What to work on: Copy every entry below exactly, and keep out the pictures.

Given entries:
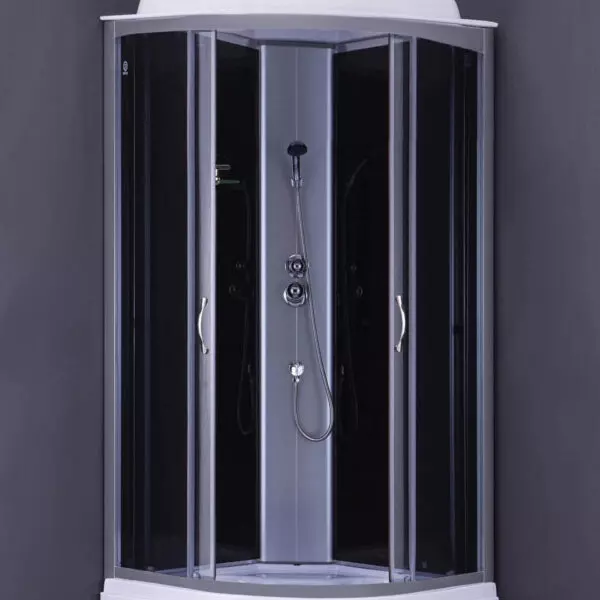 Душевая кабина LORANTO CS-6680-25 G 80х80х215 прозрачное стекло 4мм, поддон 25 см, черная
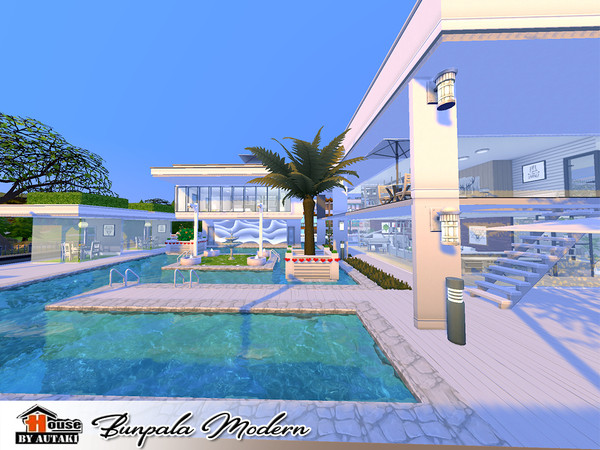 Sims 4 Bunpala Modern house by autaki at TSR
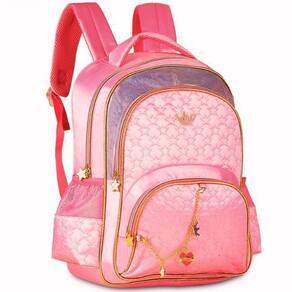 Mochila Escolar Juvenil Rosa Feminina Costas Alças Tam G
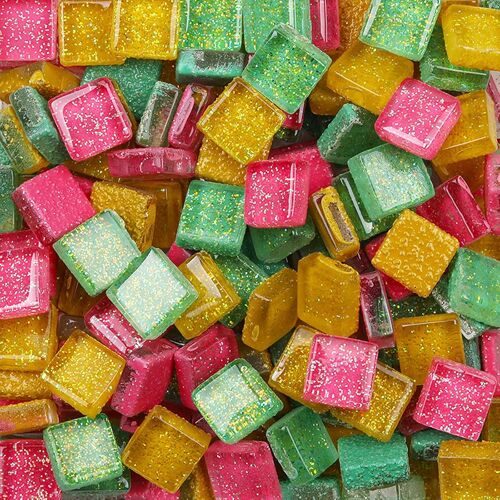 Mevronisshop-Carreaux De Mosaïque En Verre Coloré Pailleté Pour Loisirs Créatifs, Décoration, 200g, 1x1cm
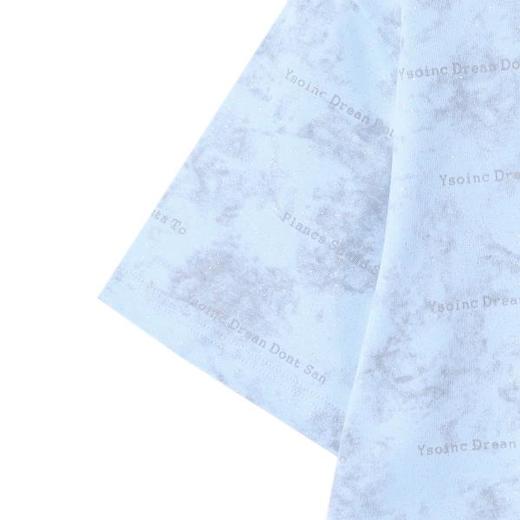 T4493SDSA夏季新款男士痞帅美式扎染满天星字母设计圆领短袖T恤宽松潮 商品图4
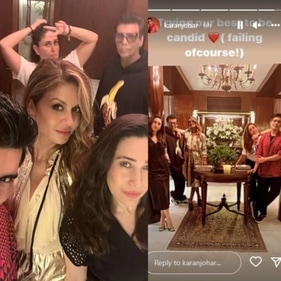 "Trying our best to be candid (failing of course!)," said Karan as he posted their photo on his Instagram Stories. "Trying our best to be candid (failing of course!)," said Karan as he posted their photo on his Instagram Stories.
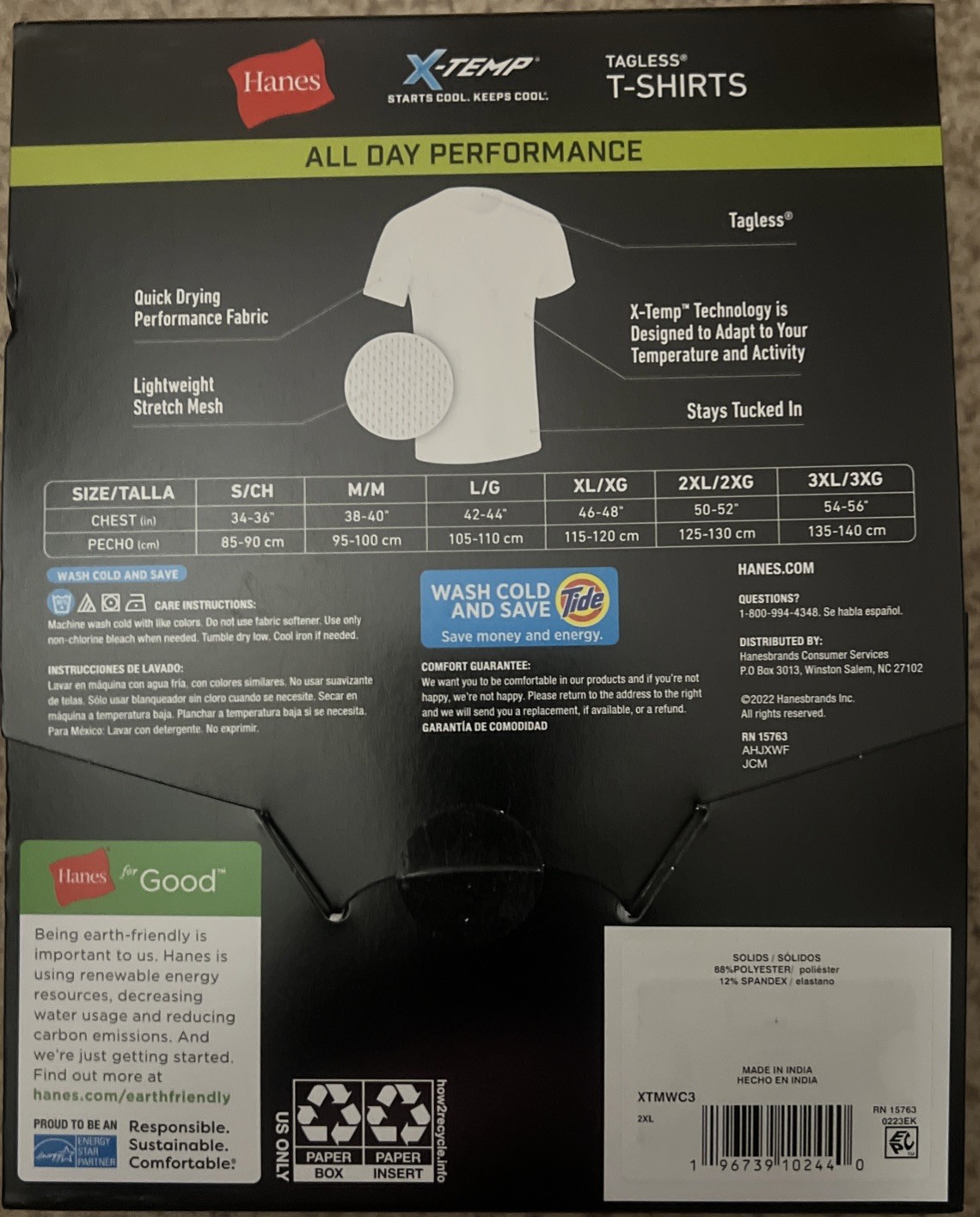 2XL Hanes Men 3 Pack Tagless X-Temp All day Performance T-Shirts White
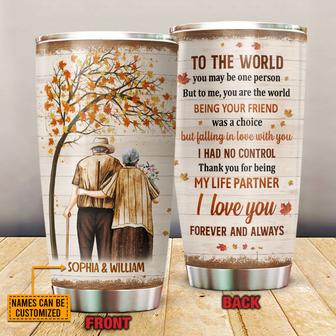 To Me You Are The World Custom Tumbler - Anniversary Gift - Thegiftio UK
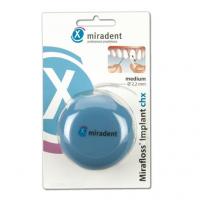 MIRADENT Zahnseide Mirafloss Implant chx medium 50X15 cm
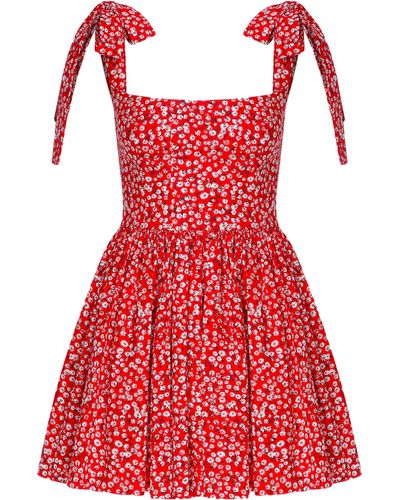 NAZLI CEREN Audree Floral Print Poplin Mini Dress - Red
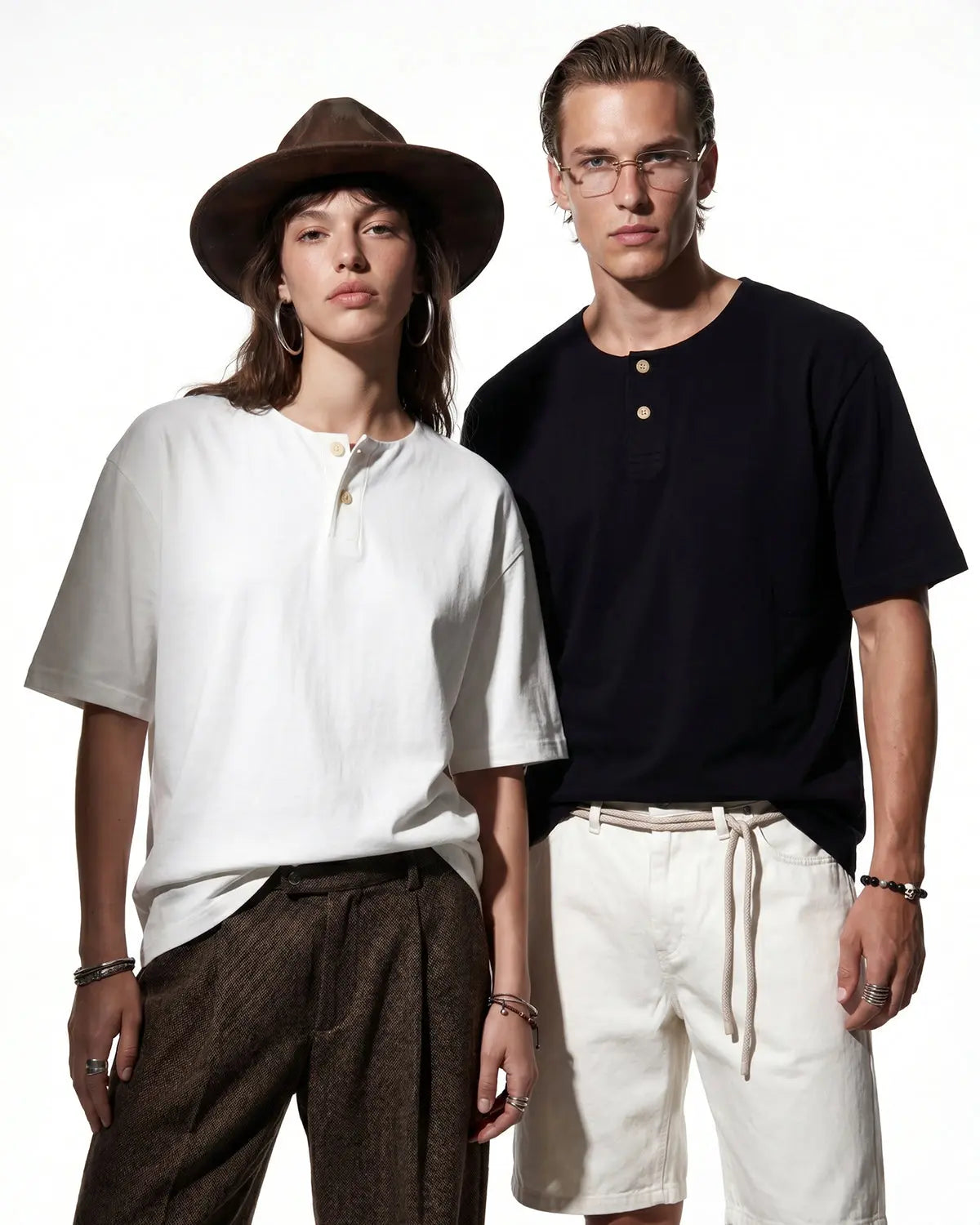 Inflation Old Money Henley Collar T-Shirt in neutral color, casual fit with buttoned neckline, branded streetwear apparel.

Exercise response:
 Душевая кабина LORANTO CS-6680-25 G 80х80х215 прозрачное стекло 4мм, поддон 25 см, черная
 Sims 4 Bunpala Modern house by autaki at TSR
 Mochila Escolar Juvenil Rosa Feminina Costas Alças Tam G
 Mevronisshop-Carreaux De Mosaïque En Verre Coloré Pailleté Pour Loisirs Créatifs, Décoration, 200g, 1x1cm
 T4493SDSA夏季新款男士痞帅美式扎染满天星字母设计圆领短袖T恤宽松潮 商品图4
 "Trying our best to be candid (failing of course!)," said Karan as he posted their photo on his Instagram Stories. "Trying our best to be candid (failing of course!)," said Karan as he posted their photo on his Instagram Stories.
 2XL Hanes Men 3 Pack Tagless X-Temp All day Performance T-Shirts White
 To Me You Are The World Custom Tumbler - Anniversary Gift - Thegiftio UK
 MIRADENT Zahnseide Mirafloss Implant chx medium 50X15 cm
 NAZLI CEREN Audree Floral Print Poplin Mini Dress - Red
 Inflation Old Money Henley Collar T-Shirt in neutral color, casual fit with buttoned neckline, branded streetwear apparel.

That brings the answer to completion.